Plus after I went to the lawyer, my WS learned how much he was obligated to pay me each month. I remain clear to him about my plan to get a legal separation if he continues contact with the OW.
I am going to tell you again like I told you before! Read the Dobson book on Love Must Be Tough. I encourage you to try this approach with your WS. It isn't "kicking him out" like you say. It is giving him permission to go if he chooses. The approach also requires no crying, begging or pleading.
It sounds like to me that your WS may be like mine in that he already has a plan to leave, using home as a motel. If he leaves, there's a good chance that he will want to come back. While he is there, he does not miss you. At least, your WS is being nicer to you than mine was; I mean, at least, he is saying that he wants to end the A. My WS would not even discuss the A with me at all.
I'm not as experienced as the others but I would continue to try PLAN A as long as possible, not LBing when he comes home.

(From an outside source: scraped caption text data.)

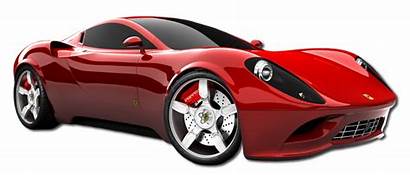 Ferrari Clipart Cool Dino Cars Clipartpng Link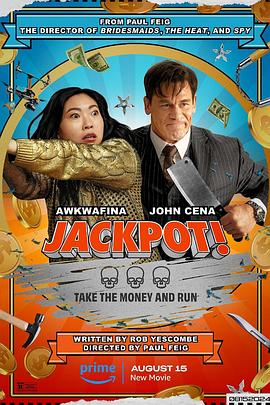 91九色网《死亡大乐透 Jackpot!》免费在线观看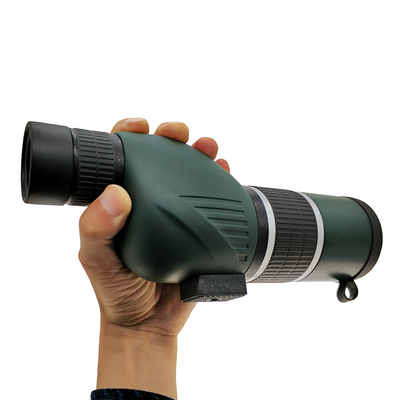 Vogelbeobachtung 12-36X50, die Bereich, Monocular Teleskop für Vogelbeobachtung beschmutzt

My WS did go away each weekend like yours. Before D-Day, he would call and give lame excuses like, "I had to get away". After D-Day, when he had his plan to leave, he was mostly just as "sweet as pie" during the weekdays and then stay gone all weekend. He told me recently that he was hoping that I would be angry when he returned in order to justify his behavior to himself. Along the lines of, she's a b&#tch so I need to leave her on the weekend.
Those weekends were awful for me. I know how you must be feeling. Folks on this board really helped to pull me through. I did my venting here so that by the time he came home I could maintain my PLAN.
Your first step now is to see that lawyer. OKAY?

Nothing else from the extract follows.